I usually pay little attention to courses outside of STEM unless grades in those are consistently B or below. I also pay little attention to freshman grades if sophomore and higher grades are significantly better (after all, such improvement shows the ability to, well, improve and perhaps the willingness to try new things, including destructive ones, that were not readily available in the environment they grew up in). I'm somewhat curious why someone got a C in both Comparative Gender Studies and Russian Literature but I mostly want to hear the explanation of why the applicant got that grade rather than the grade itself.
I do pay a LOT of attention to performance in core CS classes - in fact, with possible exceptions for freshman grades, unless it's a very top-tier school the GPA in those courses must be close to 4.0 - especially in programming classes.

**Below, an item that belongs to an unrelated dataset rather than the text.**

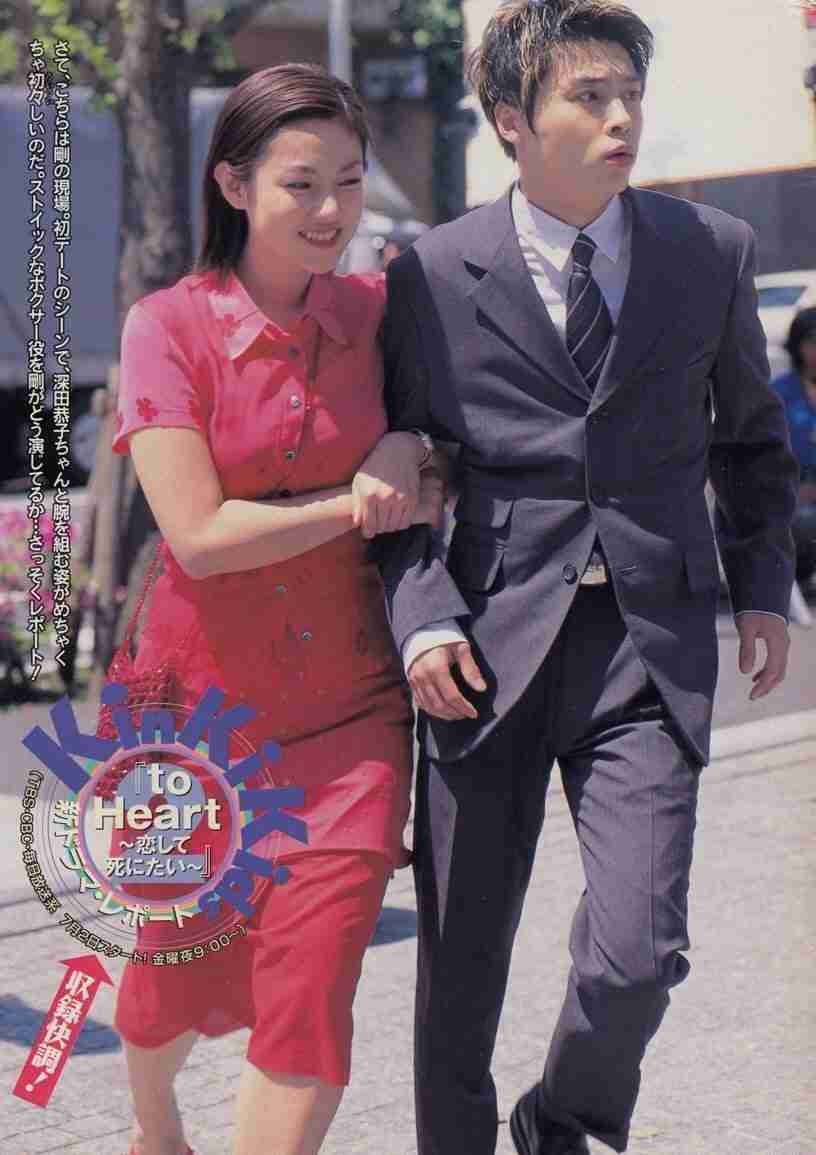 ジャニーズと共演した女優さんとのツーショット♪part2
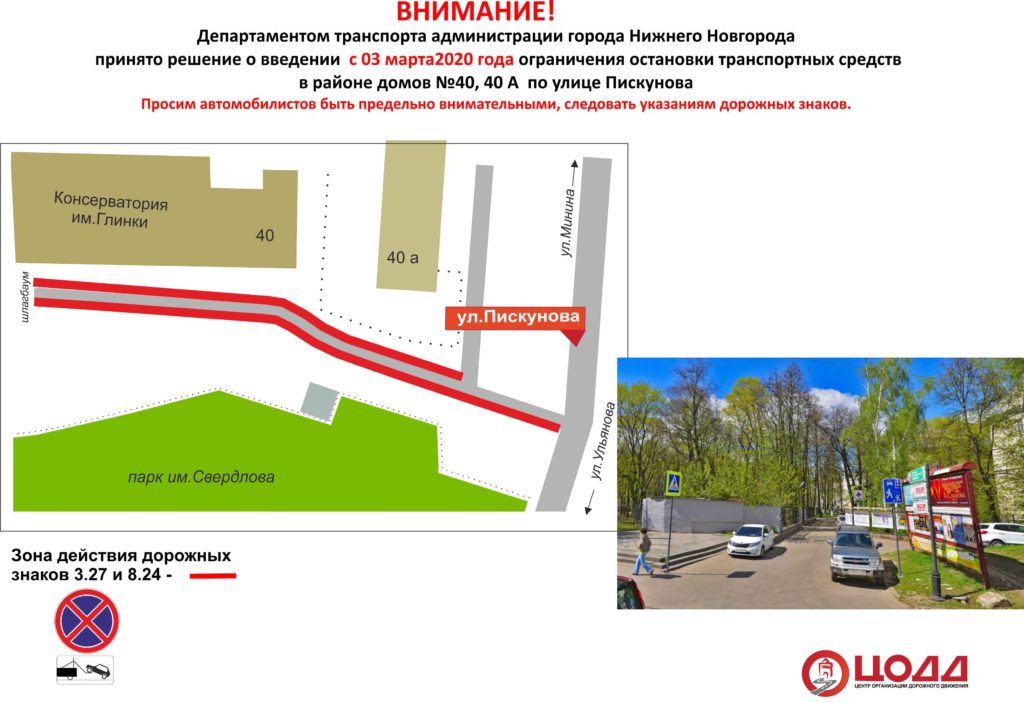 Остановку автомобилей вдоль нижегородского парка Свердлова запретят в марте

I do forgive a lower grade in isolated cases where (after talking to the applicant) it turns out the course grade was primarily based on graded "group projects" and it seems that the candidate was likely dragged down by their group's incompetence. However I want to know why the candidate didn't realize the problem early and why they didn't just grab the reins and do the project themselves in order to get a better grade and not worry too much if they were also enabling "free riders".
However, it would be very helpful for the transcript to have, next to the grade, an indication of where the student's grade sits among grades issued in that section of the course (perhaps the percent of the students in the class getting a lower grade but excluding those who failed the course). If the candidate got a B in Analysis of Algorithms 101 but 90% of the class got lower than a B, that's much different than if they got an A but only 10% of the class got lower than an A as in the former case there was differentiation I can rely on while in the latter there is no useful differentiation so I would pretty much ignore that grade as meaningless.